▶ PROVIDED INFORMATION:

<<<<

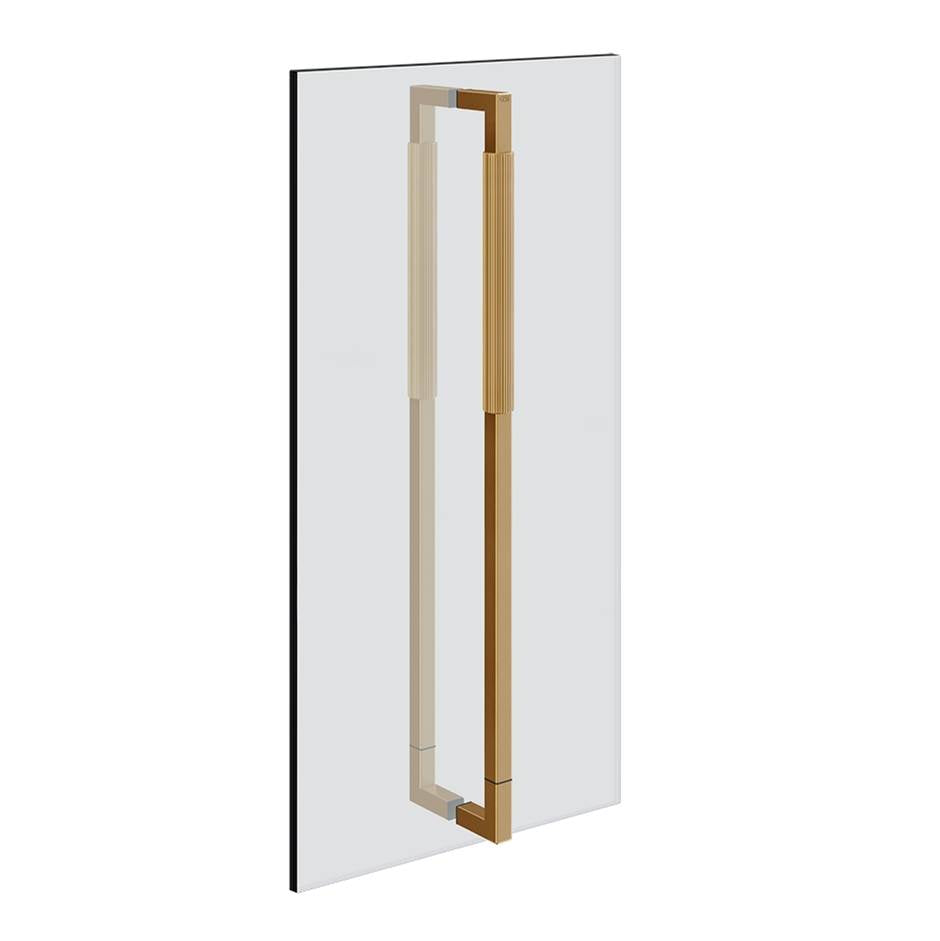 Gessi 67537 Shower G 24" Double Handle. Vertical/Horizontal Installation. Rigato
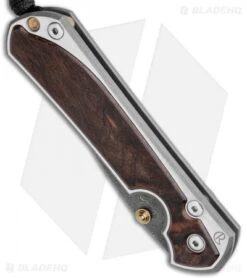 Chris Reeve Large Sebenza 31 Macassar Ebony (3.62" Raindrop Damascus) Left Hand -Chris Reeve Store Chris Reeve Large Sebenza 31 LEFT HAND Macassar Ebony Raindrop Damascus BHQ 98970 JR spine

>>>>
<<<<

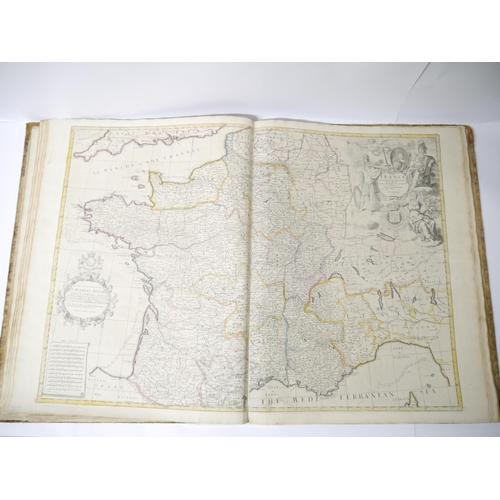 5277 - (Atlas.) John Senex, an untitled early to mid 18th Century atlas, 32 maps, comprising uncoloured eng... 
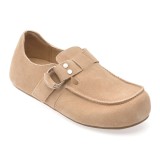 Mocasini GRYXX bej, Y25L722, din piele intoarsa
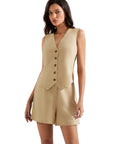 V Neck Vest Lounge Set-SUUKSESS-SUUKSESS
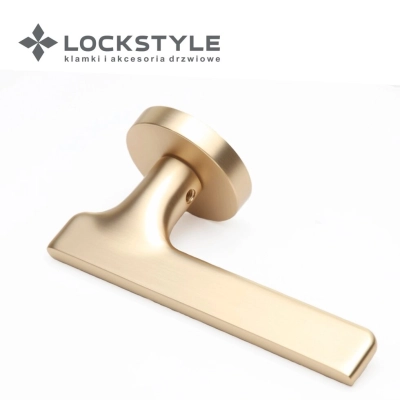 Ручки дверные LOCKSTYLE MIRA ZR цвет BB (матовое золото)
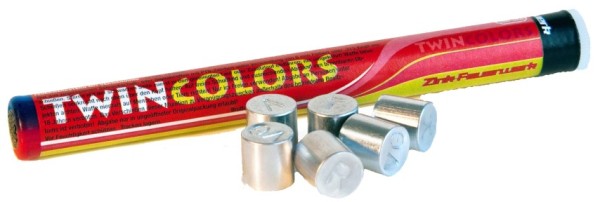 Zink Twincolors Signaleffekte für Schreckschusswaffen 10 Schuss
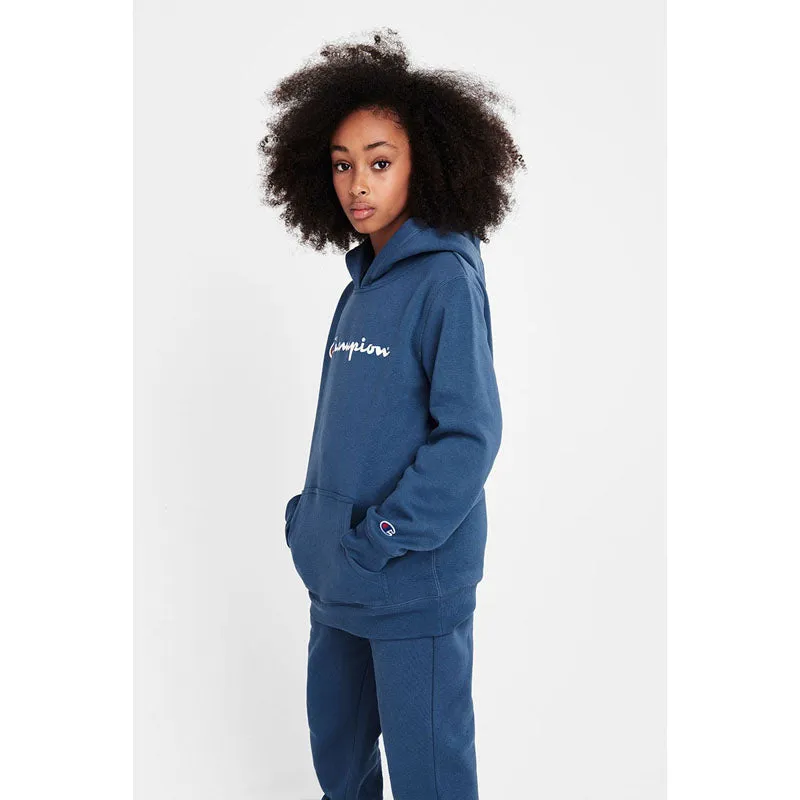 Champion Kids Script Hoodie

>>>>

▶ TASK DIRECTIONS: Copy only the lines above from the one containing "Ручки дверные LOCKSTYLE" through the one containing "Champion Kids Script Hoodie", both included. Leave out the pictures.

▶ SOLUTION TO THE EXERCISE:
 Ручки дверные LOCKSTYLE MIRA ZR цвет BB (матовое золото)
 Zink Twincolors Signaleffekte für Schreckschusswaffen 10 Schuss
 Champion Kids Script Hoodie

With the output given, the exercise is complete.